Historic Lee Mansion estate listed for sale

DOWAGIAC — One of the city’s most famous properties has been listed for sale.

The historic Lee Mansion, 405 W. High St., was listed for sale last week through Cressy & Everett Real Estate. The listed price for the property is $799,900.

The estate is being sold by Jorgensen Properties, which owns the Lee Mansion and approximately 16 rental homes in Dowagiac. Svend Jorgensen died in April 2020 at the age of 94.

Also known as “The Rockery” or “The Stone Mansion,” the 2.8-acre property was originally built by Fred and Kate Lee in 1895 and includes both the Lee Mansion and Carriage House. The mansion has since been converted into six apartment units and the Carriage House has five apartments.

The mansion was built with locally harvested uncut fieldstone with tons of oak, maple, mahogan, and butternut hardwoods in the floors, walls, and ceilings along with inlaid hardwood floors and parquet. It also features five stone chimneys and eight fireplaces, including Italian marble, onyx and hand-painted tiles.

“They spared no expense in constructing it and outfitting it,” said Dowagiac Area History Museum Director Steve Arneseau.

If the mansion were to be turned back into a single-family home, it could possibly be a 10-bedroom, seven-bath home along with a third-floor ballroom, according to its real estate page on the Realtor website.

Arseneau said the estate was built to serve as the home for the Lees, the heirs of two of Dowagiac’s most influential families: the Lees and the Beckwiths.

Fred’s father, Chauncey Lee, was a lawyer and banker who moved to Dowagiac in 1857 after closing a general store he owned in Edwardsburg. Born in 1858, Fred Lee married Kate Beckwith — the daughter and heir of P.D. Beckwith, the founder of the Round Oak Stove Company and arguably the Dowagiac’s most influential figure — in 1878.

Fred and Kate decided to build a mansion in the early 1890s, a few years after the birth of their daughter, Mary, and they used Chicago firms for both the architecture and the interior designs.

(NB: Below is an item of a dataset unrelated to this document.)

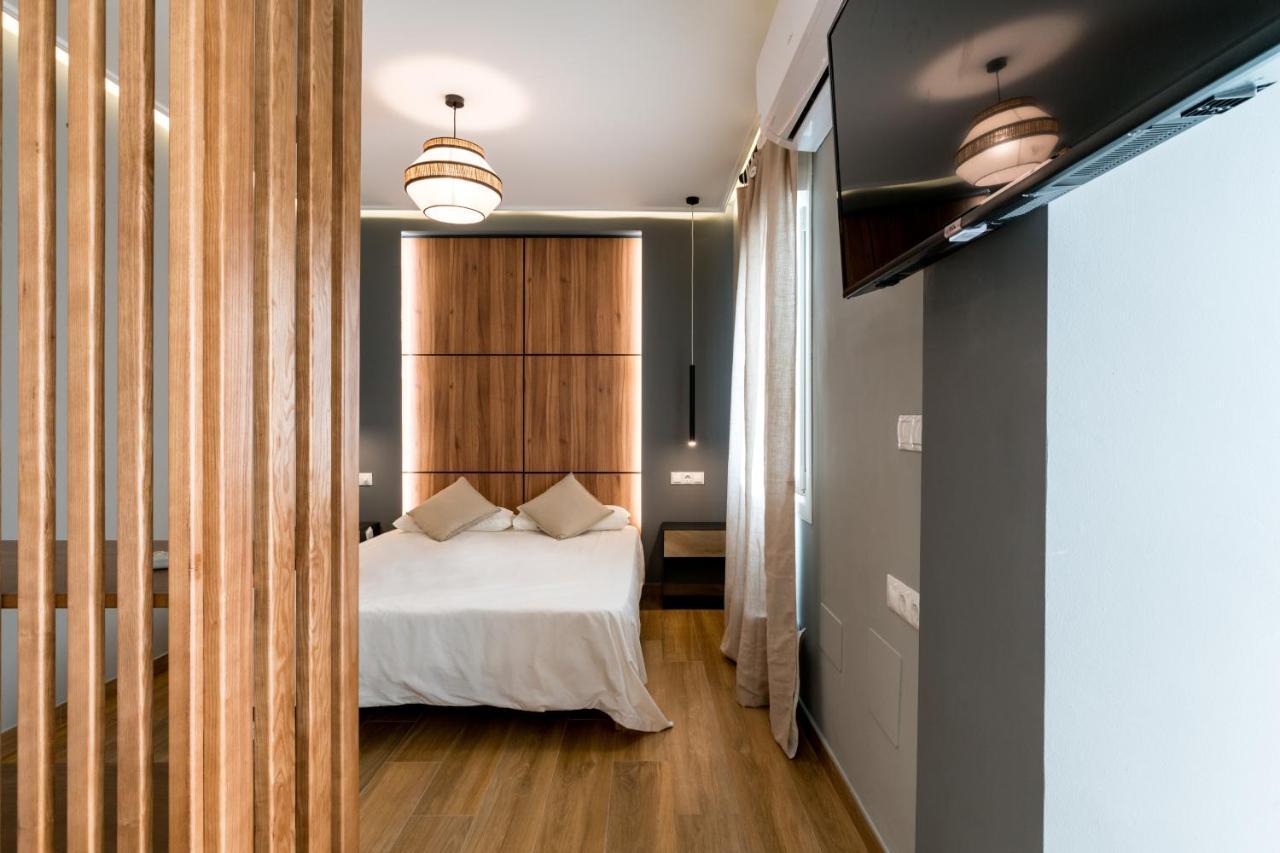 Triana Apartments Deluxe Севиля Екстериор снимка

There was also some controversy at the time of construction. While the president of Round Oak was building a lavish estate, the national economy was suffering due to the Panic of 1893 and Round Oak asked its workers to take a pay cut. Strikes ensued with some violence in the city, including a fire set at the stove works.

“While I have not seen quotes from strikers discussing the Rockery, there was almost certainly some resentment among the workers that they were asked to take a pay cut while Lee was building a mansion,” Arneseau said.

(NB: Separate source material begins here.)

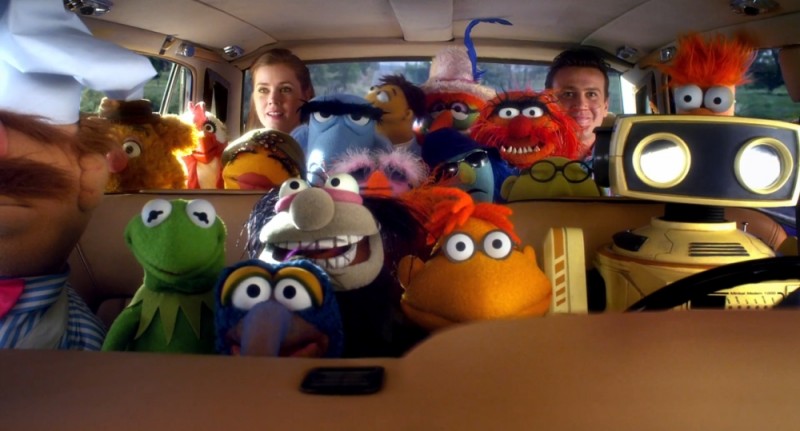 I Muppet Jason Segel E Amy Adams In Un Affollata Auto Insieme Ai Muppet In Una Scena Del Film 226799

The mansion was finally built in 1895, but the family was not able to enjoy it for very long.

Five years after moving in, Kate died from illness in 1900, at the age of 42. According to Arneseau, her funeral was said to be the largest in city history to that point.

Two years later, Fred remarried to Mary Gray, the woman he had been having an affair with while Kate was still battling illness.

Fred and Mary Gray later moved to a home on Main Street, which had been built years earlier for Fred and Kate’s daughter, Mary Beckwith Lee, to live in with her husband — a home they occupied, as Mary Lee died shortly after giving birth in 1910.

The mansion has passed several different owners over the years but has remained a fixture in the community for well over a century and is a reminder of the city’s prominent past.

“It’s a connection to the vibrant industrial history of the town,” Arneseau said. “It was made with the money of the company that put Dowagiac on the map. It is a connection to the industrial heyday of Dowagiac.”